The ChatPanel Component

This is the most important component of all as it handles the core chat functionality of the app. It consists of three parts:

Chat Header

It displays the app name/label apart from some global buttons for clearing chats, dark mode toggling and for showing the settings drawer on mobile devices

<template>
  <div class="flex items-center justify-between p-4">
    <div class="flex items-center gap-x-4">
      <h2 class="text-xl md:text-2xl text-primary font-bold">Hub Chat</h2>
      <UTooltip text="Clear chat">
        <UButton
          color="gray"
          icon="i-heroicons-trash"
          size="xs"
          :disabled="clearDisabled"
          @click="$emit('clear')"
        />
      </UTooltip>
    </div>
    <div class="flex items-center gap-x-4">
      <ColorMode />
      <UButton
        icon="i-heroicons-cog-6-tooth"
        color="gray"
        variant="ghost"
        class="md:hidden"
        @click="$emit('showDrawer')"
      />
    </div>
  </div>
</template>

<script setup lang="ts">
defineEmits(['clear', 'showDrawer']);

defineProps({
  clearDisabled: {
    type: Boolean,
    default: true,
  },
});
</script>

Chats Container

For parsing and displaying the chat messages. It also shows a message loading skeleton when streaming is off, as well as a NoChats placeholder when needed.

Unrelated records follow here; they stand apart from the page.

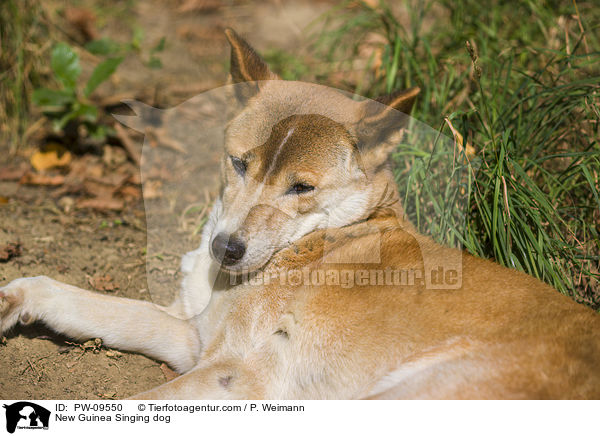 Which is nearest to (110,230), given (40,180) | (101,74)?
(40,180)

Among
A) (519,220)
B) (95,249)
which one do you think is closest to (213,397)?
(95,249)

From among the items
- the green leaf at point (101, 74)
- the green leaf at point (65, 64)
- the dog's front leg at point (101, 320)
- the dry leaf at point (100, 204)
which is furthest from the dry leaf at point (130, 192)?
the dog's front leg at point (101, 320)

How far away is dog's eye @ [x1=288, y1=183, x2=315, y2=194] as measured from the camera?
10.5 ft

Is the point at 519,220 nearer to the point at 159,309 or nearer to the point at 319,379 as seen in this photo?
the point at 319,379

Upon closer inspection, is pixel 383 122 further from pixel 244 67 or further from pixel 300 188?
pixel 244 67

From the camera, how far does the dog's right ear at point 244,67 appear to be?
3420 millimetres

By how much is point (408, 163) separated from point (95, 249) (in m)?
2.59

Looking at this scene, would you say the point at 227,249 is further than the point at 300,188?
No

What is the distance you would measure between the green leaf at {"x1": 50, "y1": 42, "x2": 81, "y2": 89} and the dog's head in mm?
2174

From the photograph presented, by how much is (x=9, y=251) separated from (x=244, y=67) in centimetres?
220

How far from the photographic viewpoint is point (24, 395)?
2.92 meters

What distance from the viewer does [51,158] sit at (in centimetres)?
511

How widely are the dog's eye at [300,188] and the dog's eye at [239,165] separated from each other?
1.14ft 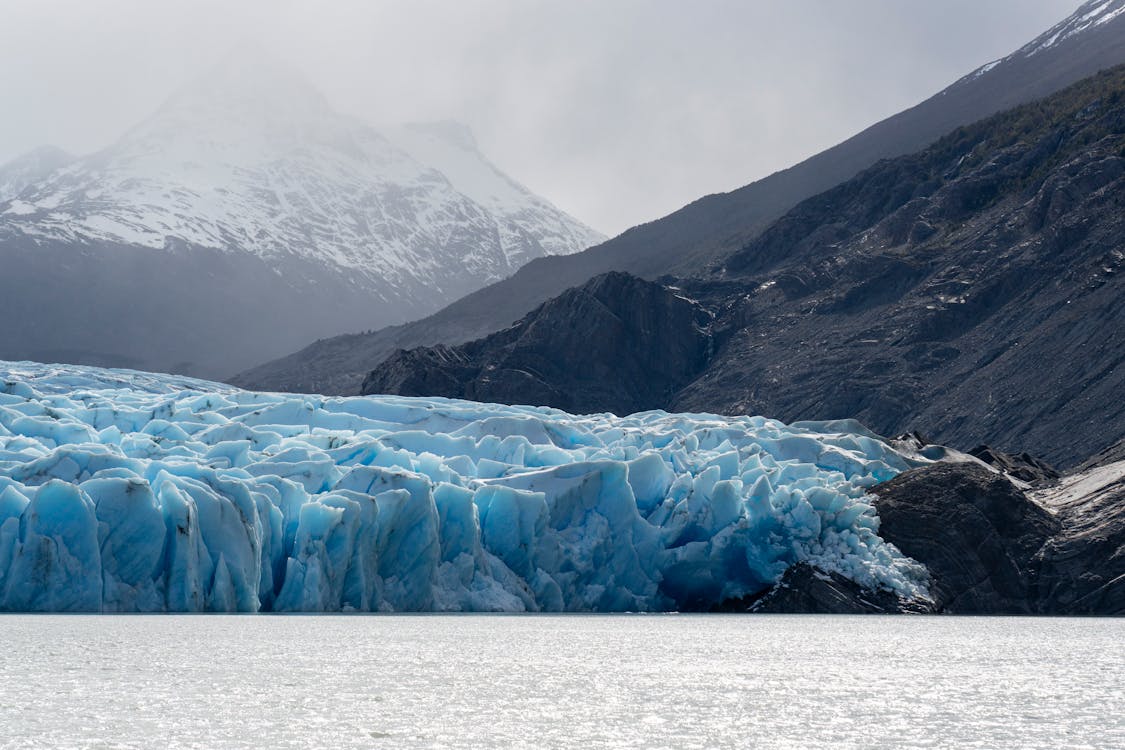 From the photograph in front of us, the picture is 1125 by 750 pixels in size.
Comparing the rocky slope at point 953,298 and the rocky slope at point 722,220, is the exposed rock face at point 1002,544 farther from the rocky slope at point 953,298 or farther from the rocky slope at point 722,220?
the rocky slope at point 722,220

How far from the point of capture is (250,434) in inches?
1439

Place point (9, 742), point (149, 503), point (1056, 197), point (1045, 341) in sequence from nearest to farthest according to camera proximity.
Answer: point (9, 742) < point (149, 503) < point (1045, 341) < point (1056, 197)

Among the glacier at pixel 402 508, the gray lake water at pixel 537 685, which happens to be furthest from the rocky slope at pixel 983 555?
the gray lake water at pixel 537 685

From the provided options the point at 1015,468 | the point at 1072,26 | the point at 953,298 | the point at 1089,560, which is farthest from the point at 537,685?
the point at 1072,26

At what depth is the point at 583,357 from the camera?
95.6 m

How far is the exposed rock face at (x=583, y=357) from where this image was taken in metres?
90.5

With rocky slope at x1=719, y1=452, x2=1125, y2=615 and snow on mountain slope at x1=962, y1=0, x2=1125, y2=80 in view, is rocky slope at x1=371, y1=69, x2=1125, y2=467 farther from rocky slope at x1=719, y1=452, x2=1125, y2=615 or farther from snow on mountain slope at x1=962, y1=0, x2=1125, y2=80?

<div ref="chatContainer" class="flex-1 overflow-y-auto p-4 space-y-5">
  <div
    v-for="(message, index) in chatHistory"
    :key="`message-${index}`"
    class="flex items-start gap-x-4"
  >
    <div
      class="w-12 h-12 p-2 rounded-full"
      :class="`${
        message.role === 'user' ? 'bg-primary/20' : 'bg-blue-500/20'
      }`"
    >
      <UIcon
        :name="`${
          message.role === 'user'
            ? 'i-mdi-user'
            : 'i-heroicons-sparkles-solid'
        }`"
        class="w-8 h-8"
        :class="`${
          message.role === 'user' ? 'text-primary-400' : 'text-blue-400'
        }`"
      />
    </div>
    <div v-if="message.role === 'user'">
      {{ message.content }}
    </div>
    <AssistantMessage v-else :content="message.content" />
  </div>
  <ChatLoadingSkeleton v-if="loading === 'message'" />
  <NoChats v-if="chatHistory.length === 0" class="h-full" />
</div>

To keep the user informed of the progress, we show a message loading skeleton when streaming is off. To do this we utilize a loading variable which can have three states: idle, message & stream. So when a non-streaming request is made we set the ref to message and the loading skeleton is shown.

User Message Textbox

For entering user message. It shows up as a single line textarea that resizes automatically when needed.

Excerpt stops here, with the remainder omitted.